SCU professor relaunches world-known grief and loss program

IT'S used in schools and organisations all over the world, Australia, NSW and the Northern Rivers, and it was developed by a Southern Cross University professor.

SCU Centre for Children and Young People director Anne Graham wrote the innovative program that has reached five countries Photo Contributed
SCU Centre for Children and Young People director Anne Graham wrote the innovative program that has reached five countries Photo Contributed Contributed

Version three of the 19-year-old loss and grief education program, Seasons for Growth, was launched in Sydney last night to target changing society needs. 

SCU Centre for Children and Young People director Anne Graham wrote the program in 1996 to help kids deal with grief as a result of divorce and death.

She is still the primary researcher and writer for the program and its adaptions. 

Prof Graham said the program has reached 200,000 kids in five countries over its lifespan.

"When you develop a program like this you've got to base it on really good evidence," she said.

"I think (it's) the reason it's endured for so long."

She said Seasons for Growth is a metaphor that helps children understand different life changes, like the changing seasons.
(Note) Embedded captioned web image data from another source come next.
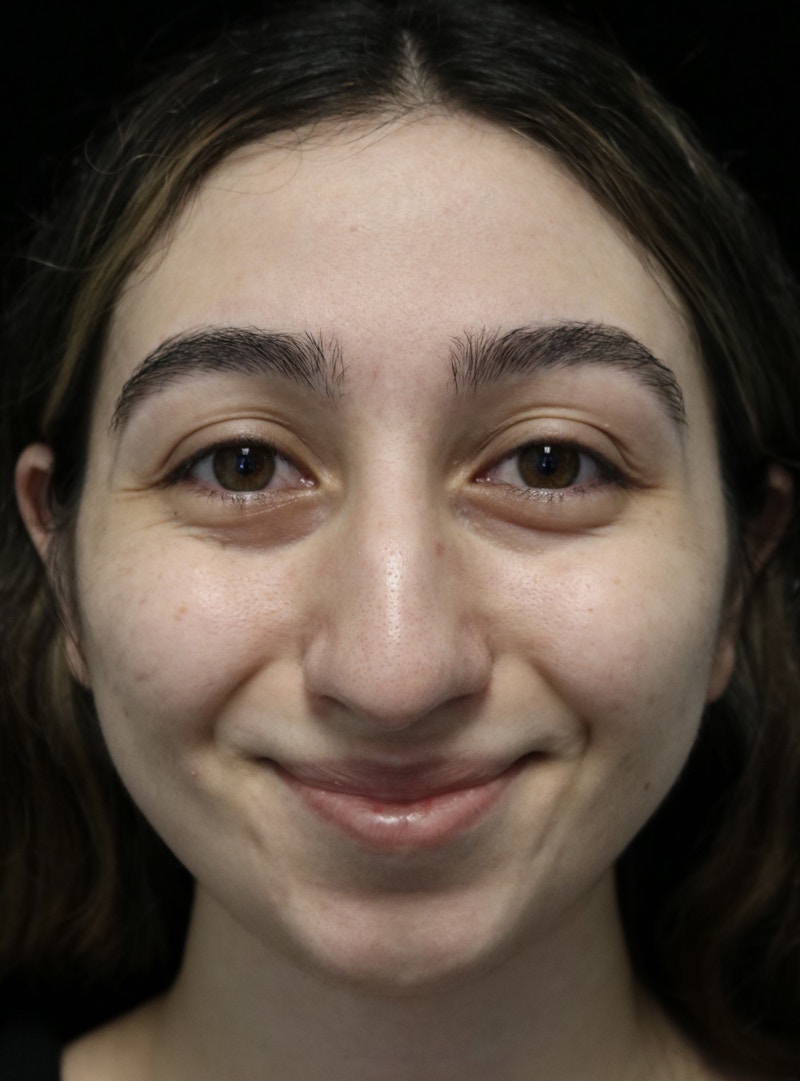 Beverly Hills Rhinoplasty Before & After Gallery - Patient 272534 - Image 5 Dr. Deepak Raj Dugar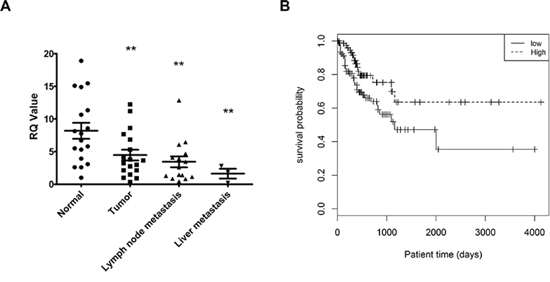 The expression level of hsa-miR-140-5p is significantly correlated with CRC patients survival.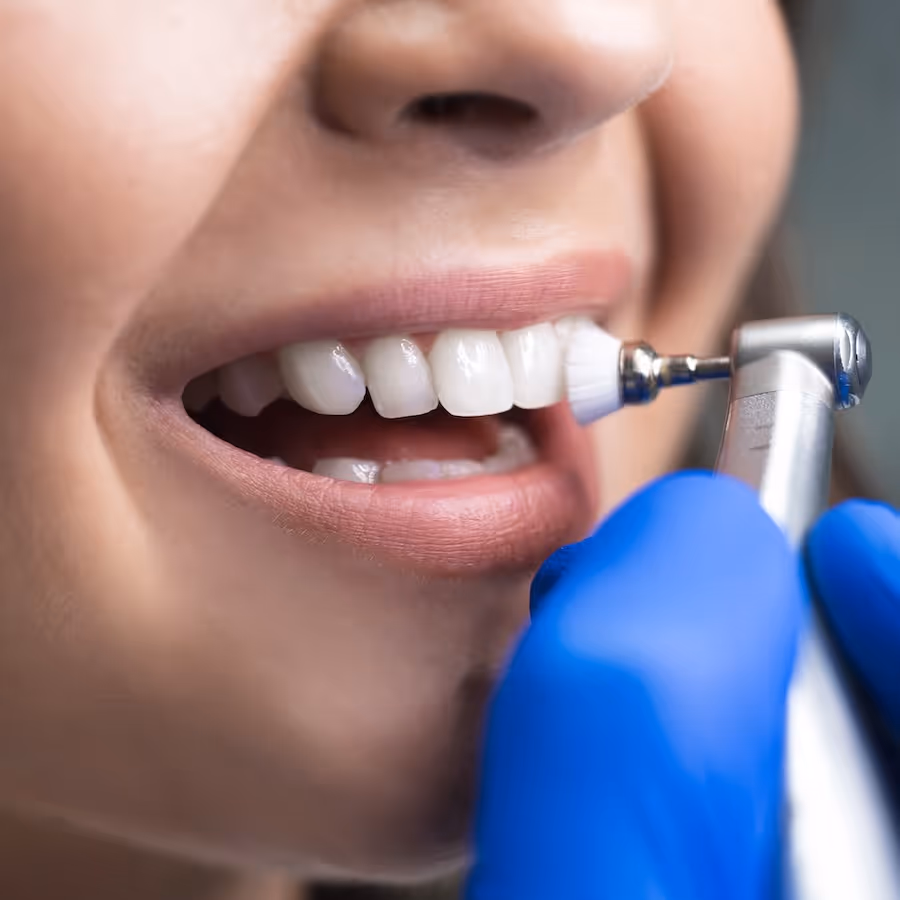 A close up of a person having a dental polish.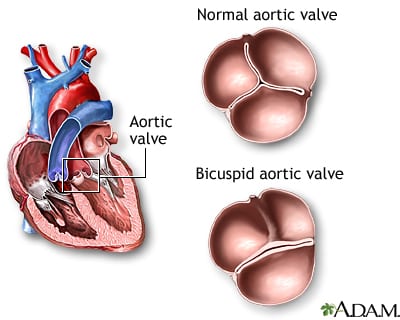 heart disease life insurance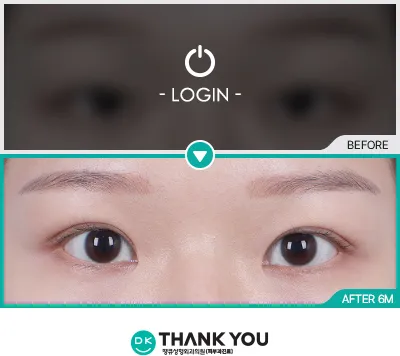 Before/After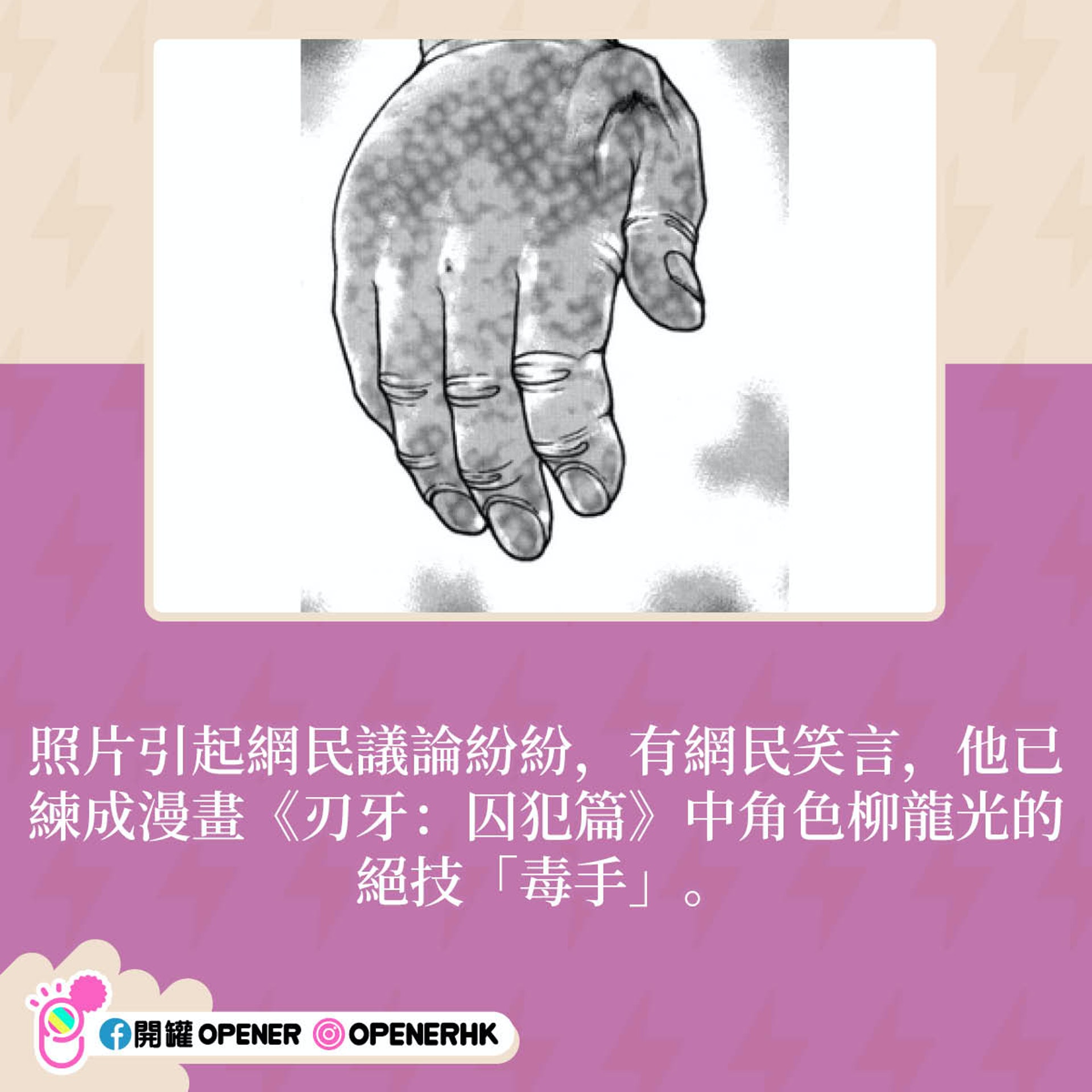 男生跟SP大戰後手指甲生性病腫到去下巴 醫生睇完相後揭另有內情 男生跟SP大戰後手指甲生性病腫到去下巴 醫生睇完相後揭另有內情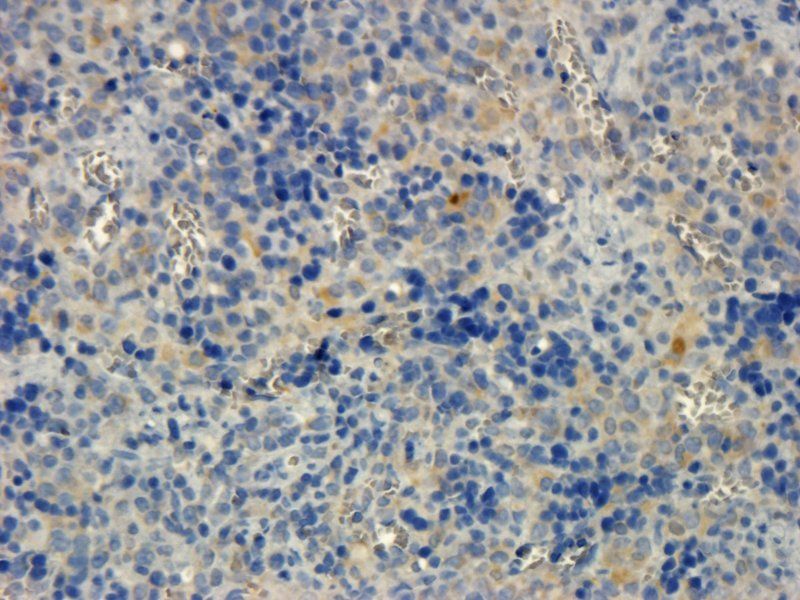 Integrin alpha 4 Rabbit Polyclonal Antibody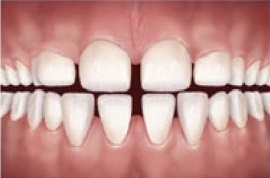 Diastema é o contrário do Apinhamento, ou seja, caracterizado pelo excesso de espaço entre os dentes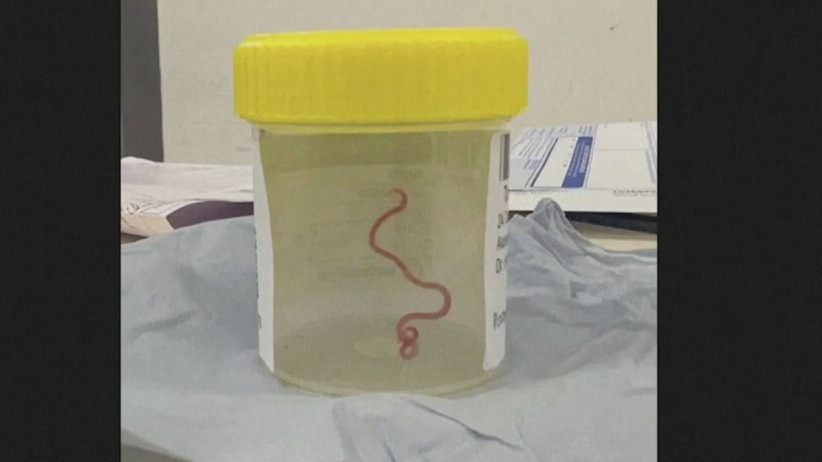 Worm found in woman's brain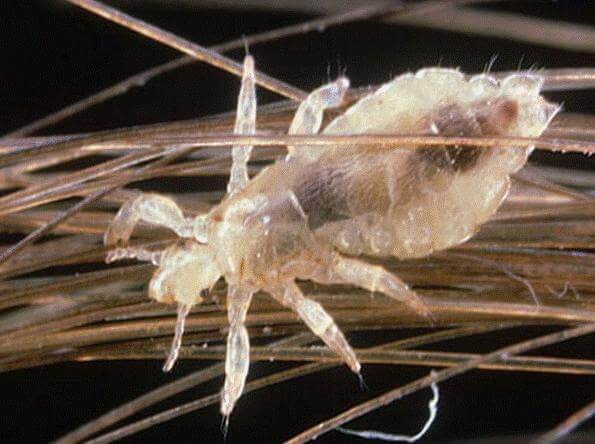 Tất tần tật về con chấy trên đầu người 2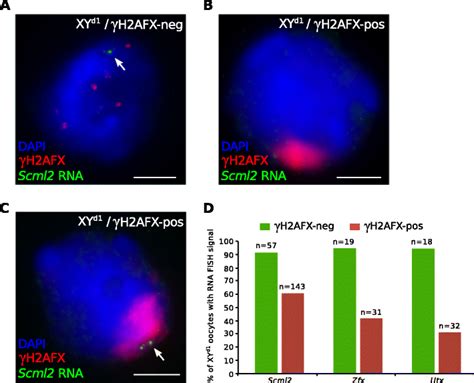 X Chromosome Silencing Is Inefficient In Oocytes Containing A Y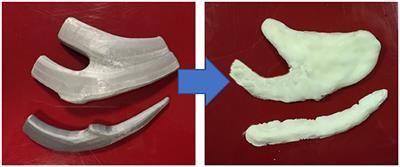 Using 3D Printing Technology to Teach Cartilage Framework Carving for Ear Reconstruction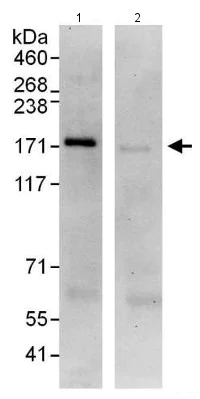 Immunoprecipitation - Anti-SMC1A antibody (AB140493)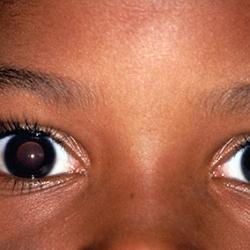 Close-up of child’s eyes showing anisometropia, or lazy eye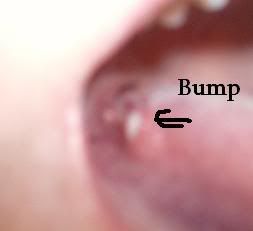 Lump Under Tongue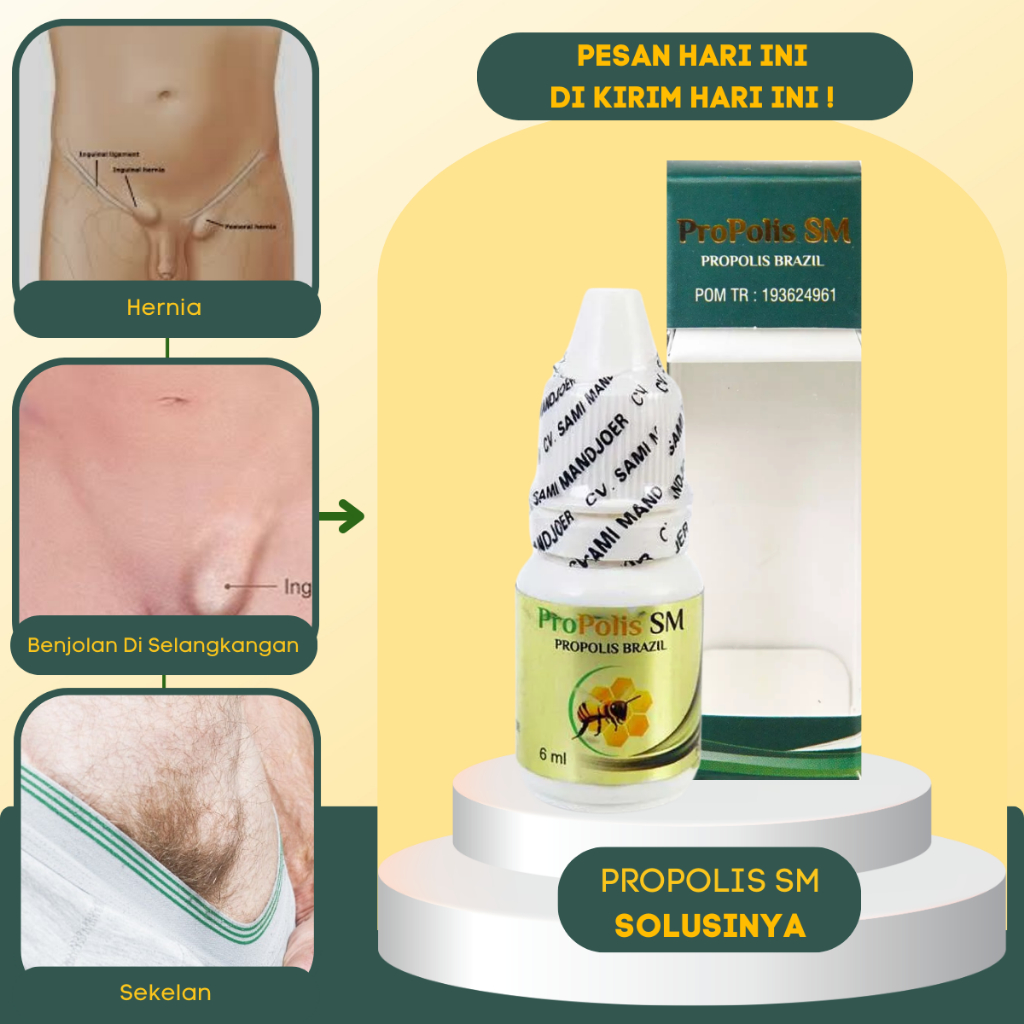 Obat Benjolan Lipoma - Obat Penghilang Benjolan di Selangkangan - Obat Benjolan Selangkangan - Obat 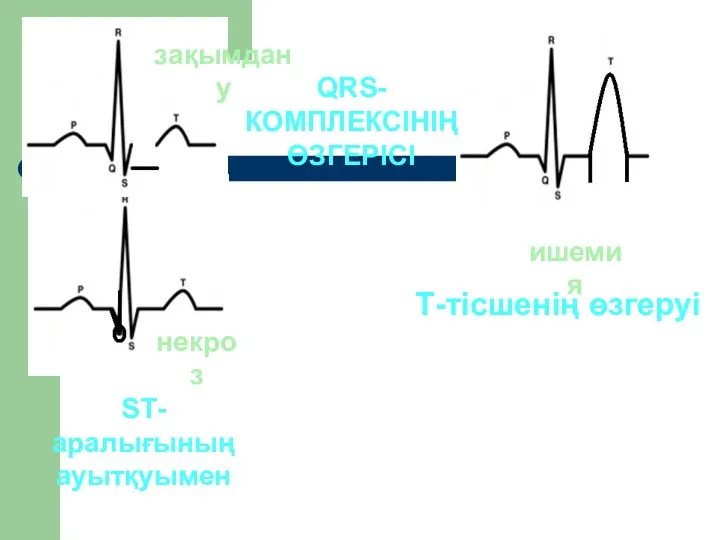 ишемия некроз зақымдану QRS-КОМПЛЕКСІНІҢ ӨЗГЕРІСІ SТ-аралығының ауытқуымен Т-тісшенің өзгеруі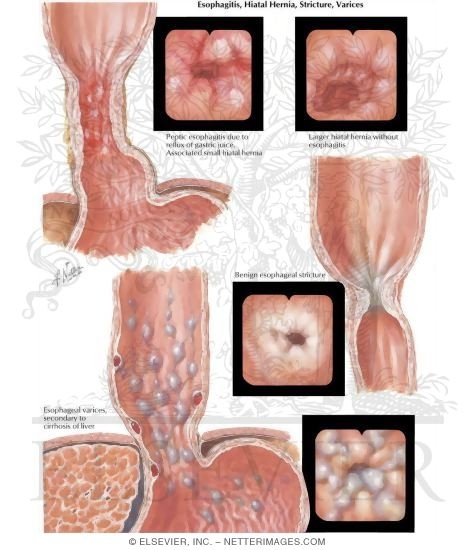 Watermarked preview of labeled image: Esophagitis: Varices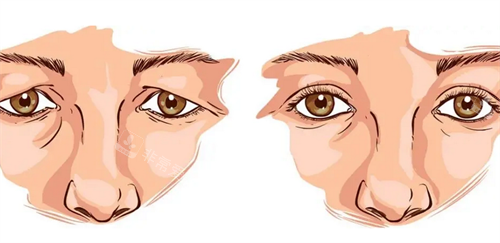 雙眼皮修復(fù)前后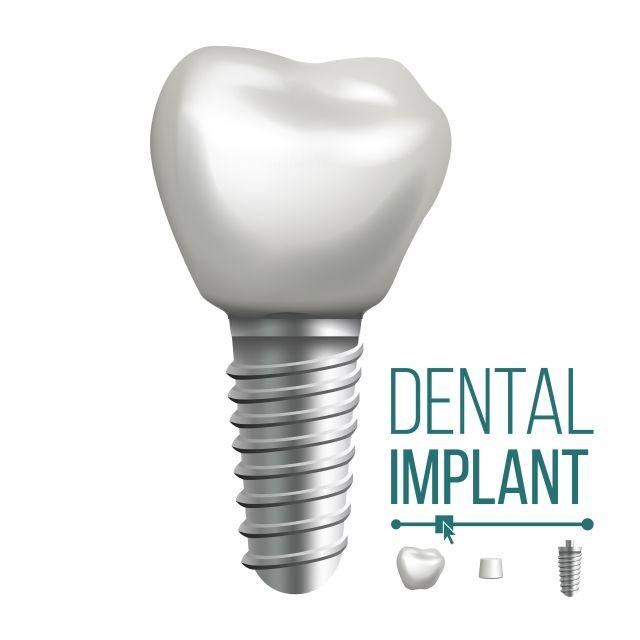 Dental Implants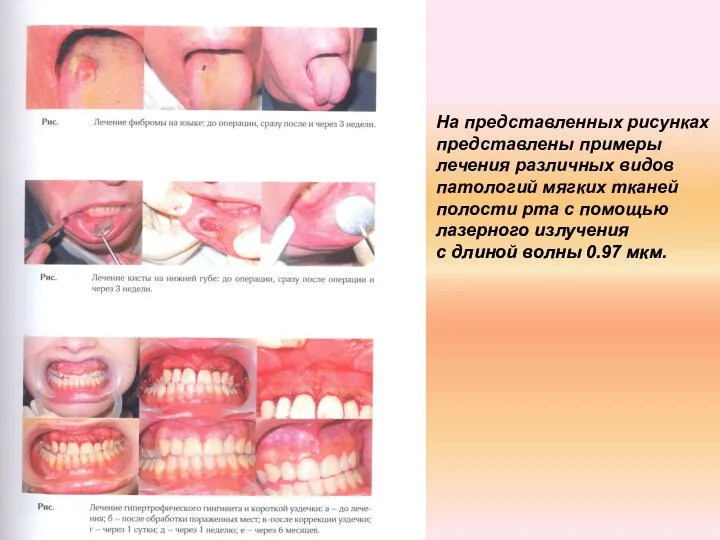 На представленных рисунках представлены примеры лечения различных видов патологий мягких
"It's a small group process ... it's with a trained adult," Prof Graham said.

"It helps children to identify what their support networks are." 

Due to its success, Seasons for Healing has been adapted for different circumstances, including grief and loss in adults, indigenous communities and during natural disasters.

The program has been popular in Northern Rivers public and private schools.

"A lot of schools on the North Coast have been using the program for almost the 19 years the program has been running," Prof Graham said.

"That's partially because of my footprint up there ... I'm more available to assist in training." 

Prof Graham said the program has helped put SCU and the Northern Rivers in the spotlight.

"This is a really stellar example of a regional institution who can hold their heads high and say, 'we're using our research to improve children's lives'," she said.